• [Source material]
*-*-*

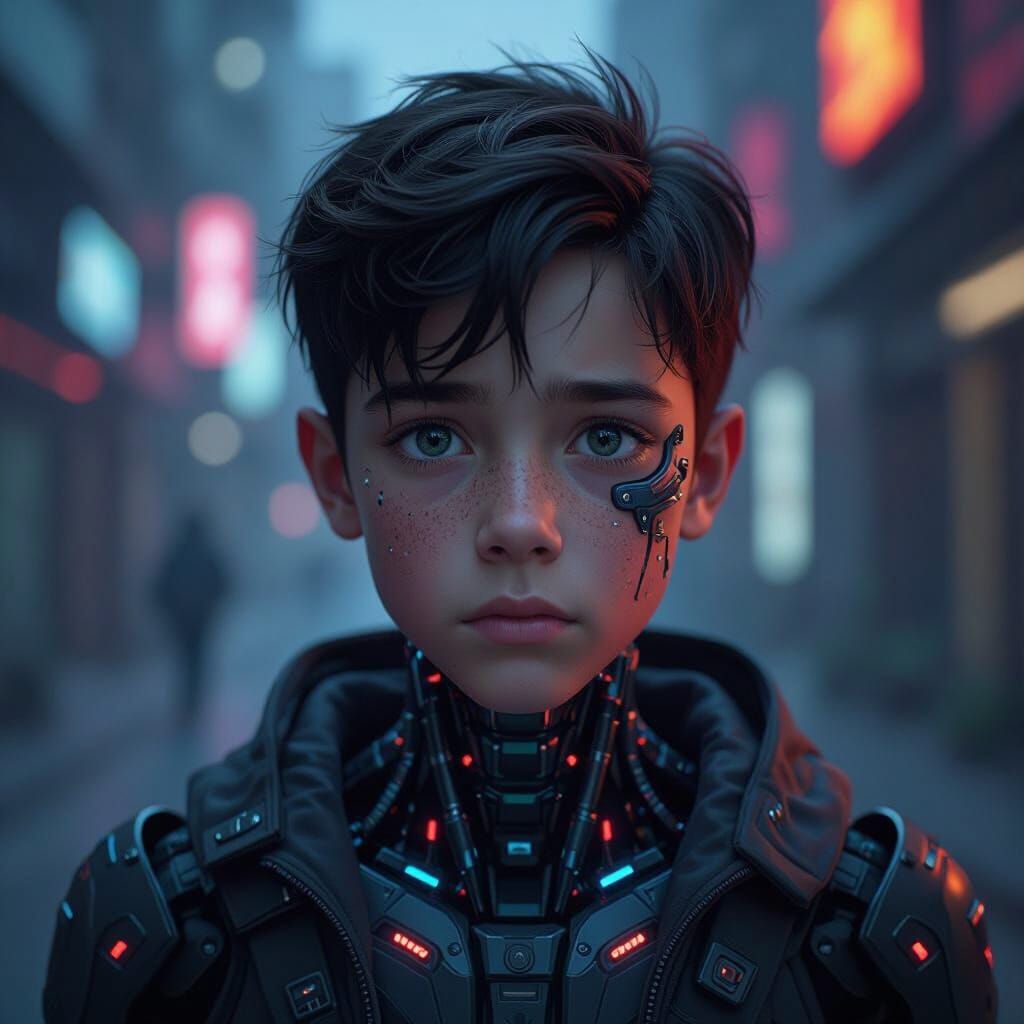 Cyborg Boy Transformation: Human Head Amidst Cybernetics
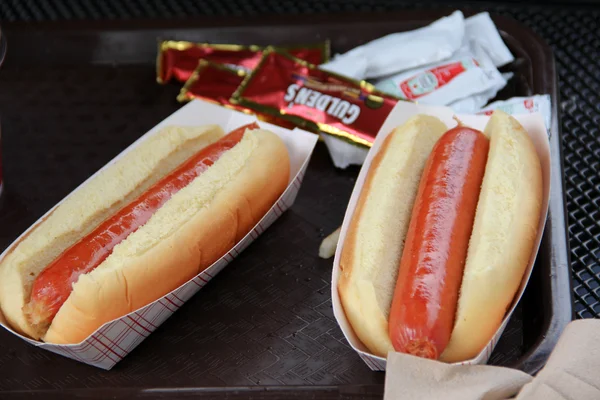 Two hotdogs on the table — Stock Photo, Image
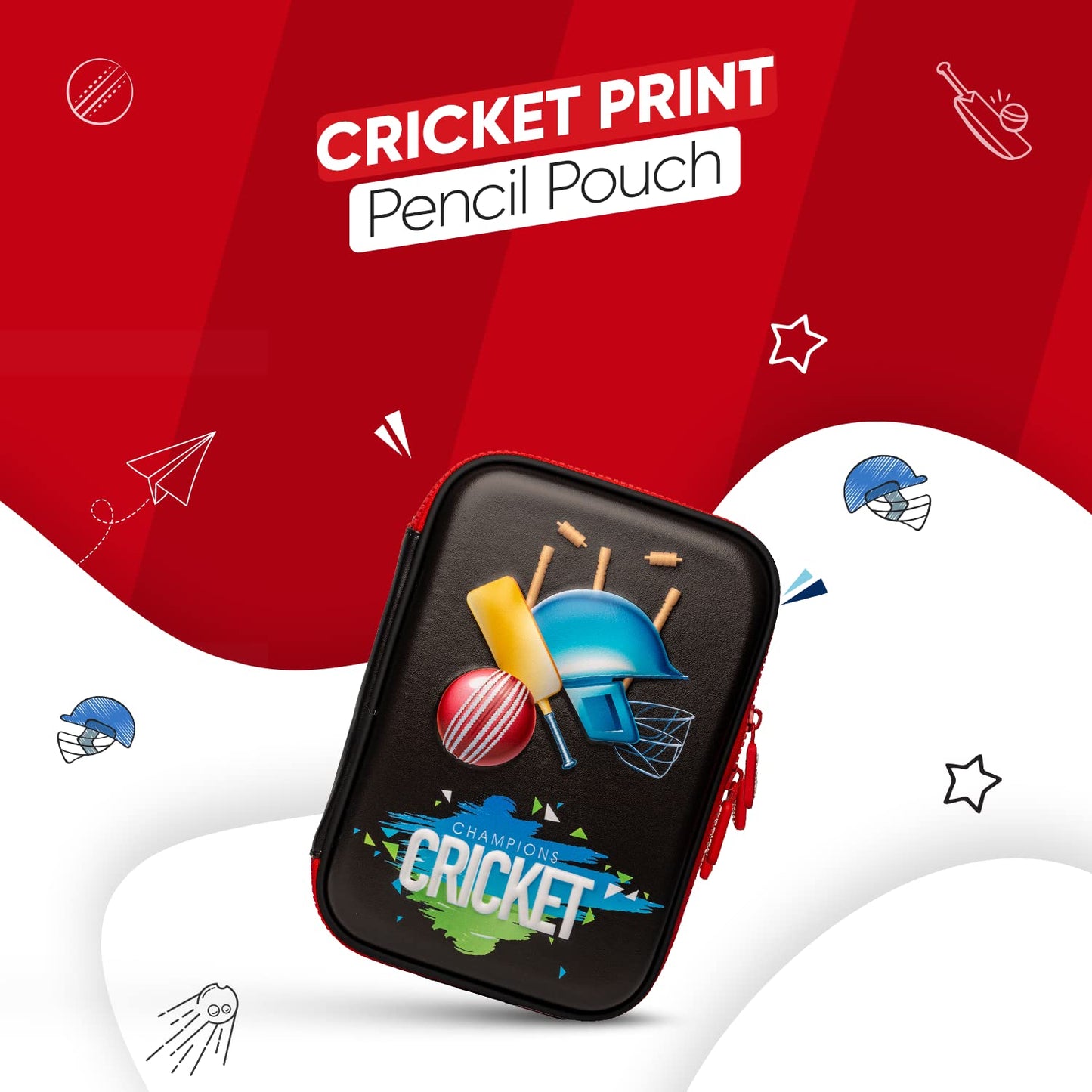 Single Layer Pencil Case - Cricket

*-*-*

• [Task directions] The answer must be the full listing, restated word for word, with no pictures in it.

• [Task response]
 Cyborg Boy Transformation: Human Head Amidst Cybernetics
 Two hotdogs on the table — Stock Photo, Image
 Single Layer Pencil Case - Cricket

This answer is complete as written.